Perspektiven wechseln

Als Führungskraft hast Du sicherlich eine hohe Arbeitsbelastung. Dabei ist es nachvollziehbar, dass man manchmal die Bedürfnisse und Wünsche der Mitarbeiter aus den Augen verliert. Um dem entgegen zusteuern solltest Du dir ab und zu bewusst die Zeit nehmen, um dich in die Rolle Deiner Mitarbeiter zu versetzen. Denn nur so lässt sich herausfinden, ob ein Kollege z.B. mit einer Aufgabe überfordert ist oder andere Hilfsmittel benötigt, um diese gut zu erledigen. Auch hier ist die Kommunikation das A und O, um die Bedürfnisse und Notwendigkeiten zu verstehen.

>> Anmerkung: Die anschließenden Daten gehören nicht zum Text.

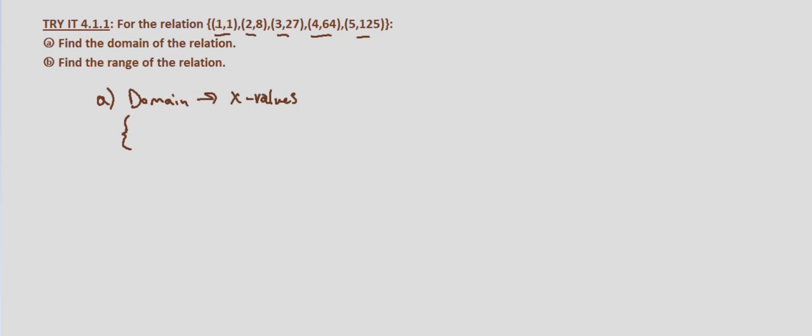So we have 1, 2, 3, 4, and 5. So our domain is simply going to be the set of the x values, which is 1, 2, 3, 4, and 5.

Der Mensch ist keine Maschine

Alle Menschen erleben in ihrem Leben Höhen und Tiefen, die sich auf ihre Arbeitskraft auswirken. Das können z.B. Konflikte in der Beziehung und Familie oder finanzielle Probleme sein. Oder aber die Lebensumstände haben sich geändert, wenn z.B. ein Kollege Vater wurde und seitdem keine Nacht mehr durchschlafen kann aufgrund von Babygeschrei. Sprich Deine Mitarbeiter auf ihre Situation an und suche mit ihnen gemeinsam einen Ausweg. In vielen Fällen kannst Du als Vorgesetzter dazu beitragen, dass sie die Durststrecke erfolgreich meistern und damit auch wieder motiviert für ihre Arbeit sind.

An das Ziel erinnern

Der römische Philosoph Seneca sagte einmal den schlauen Satz: „Wer den Hafen nicht kennt, in den er segeln will, für den ist kein Wind der richtige.“ Wenn also Deine Mitarbeiter das Ziel und den Sinn ihrer Tätigkeit nur ungenügend kennen, dann können sie folglich auch nicht motiviert darauf hinarbeiten. Sorge deshalb dafür, dass die Unternehmensziele klar formuliert und kommuniziert werden und in Bezug auf jeden Einzelnen, in wie weit die eigenen Aufgaben für diese Ziele relevant sind. Damit vermeidest Du Zweifel am Sinn der Tätigkeiten Deiner Mitarbeiter bietest ihnen die Möglichkeit, ihre Motivation und Engagement zu entfalten.

 

Sicherlich ist die Mitarbeiterführung eine der herausforderndsten Aufgaben eines Vorgesetzten, denn die Mitarbeiter können ganz unterschiedlicher Natur sein, wie es in diesem Beitrag sehr gut beschrieben ist. Der Schlüssel zum Erfolg liegt jedoch immer in einer Kommunikationskultur. Dies garantiert zwar nicht, dass sich jede Situation lösen lässt. Sie ist aber der Grundstein für eine erfolgreiche Zusammenarbeit und den Erfolg Deines Unternehmens.